O artigo 2º da Emenda Constitucional nº 87, que acresce o artigo 99 ao Ato das Disposições Constitucionais Transitórias, estabelece que em 2015 será atribuído 20% do valor do diferencial para o estado de destino e 80% para o de origem; em 2016, 40% para o estado de destino e 60% para o de origem; em 2017, 60% para o destino e 40% para o de origem; em 2018, será atribuído 80% para o estado destino e 20% para a origem. Finalmente, em 2019 será conferida a integralidade do diferencial de alíquotas para o estado de destino.
Embora a alteração introduzida pela Emenda Constitucional em questão seja de todo importante e positiva, como tivemos oportunidade de registrar, não podemos deixar de referir duas inconsistências redacionais em seu texto.
Segundo amplamente divulgado pelo Senado e bem assim pela imprensa em todos os seus meios, a Emenda Constitucional nº 87/2015 veio para resolver os prejuízos financeiros experimentados pelos estados de destino quando o consumidor final não é contribuinte do imposto. Ocorre que, exceto na redação da Proposta de Emenda Constitucional nº 197, em que constava, de forma expressa, “operações e prestações realizadas de forma não presencial”, nas subsequentes alterações e bem assim na redação final da referida Emenda Constitucional não há qualquer referência expressa à condição de não presencial das operações, ou, melhor dizendo, às operações realizadas pela internet ou por telefone. Em nenhum ponto do texto há referência expressa ao dito formado de vendas realizadas. A redação é absolutamente genérica referindo-se às operações interestaduais destinadas a consumidores, contribuintes ou não do ICMS. Ainda que possa ser subentendido e pode, em se tratando de matéria tributária regra de tal natureza deveria ser, segundo pensamos, expressa.

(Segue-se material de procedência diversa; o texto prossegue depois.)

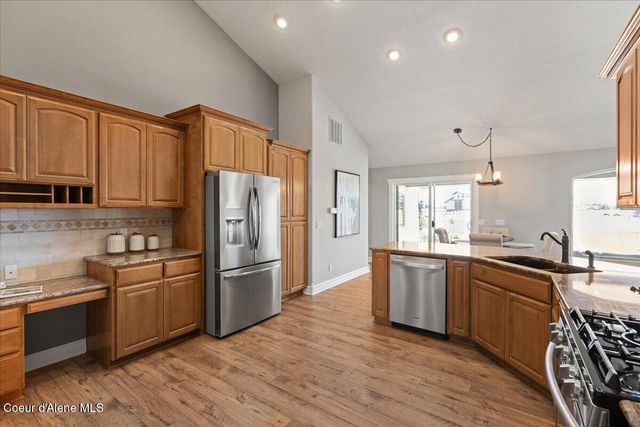 7513 W Nighthawk DR, Post Falls, ID 83854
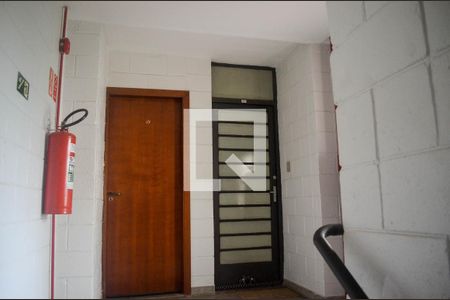 Escada de apartamento à venda com 2 quartos, 56m² em Conjunto Residencial Souza Queiroz, Campinas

Finalmente, a redação da Emenda Constitucional em comento sugere, outrossim, duas datas diferentes para a produção de efeitos. No artigo 3º estão expressamente contemplados os princípios da anterioridade e assim também o da anterioridade nonagesimal, tendo ficado estabelecido que a Emenda produzirá efeitos a partir de 2016. No entanto, o artigo 2º, que introduz o artigo 99 ao ADCT, ao estabelecer o escalonamento quanto à partilha da alíquota interestadual entre os estados de origem e de destino, fixa o início para 2015.
Trata-se de uma inconsistência interna do texto. Uma antinomia. Com vistas a eliminar referido conflito há que se imprimir interpretação conforme a Constituição, a qual conduz à conclusão de que os efeitos decorrentes da disciplina estabelecida na Emenda Constitucional deverão se projetar para o início de 2016, o que imporá que o escalonamento estabelecido no artigo 2º se ultime em 2020 e não em 2019.
Justificamos o entendimento a partir do fato de que, anteriormente à Emenda aplicava-se à operação a alíquota interna e o tributo era integralmente devido ao estado de origem e agora o remetente, em tais operações, terá que recolher o imposto com a incidência da alíquota interestadual para o estado de origem e o diferencial para o estado de destino, o que, a depender da alíquota interna do produto no estado de destino, pode significar aumento de tributo.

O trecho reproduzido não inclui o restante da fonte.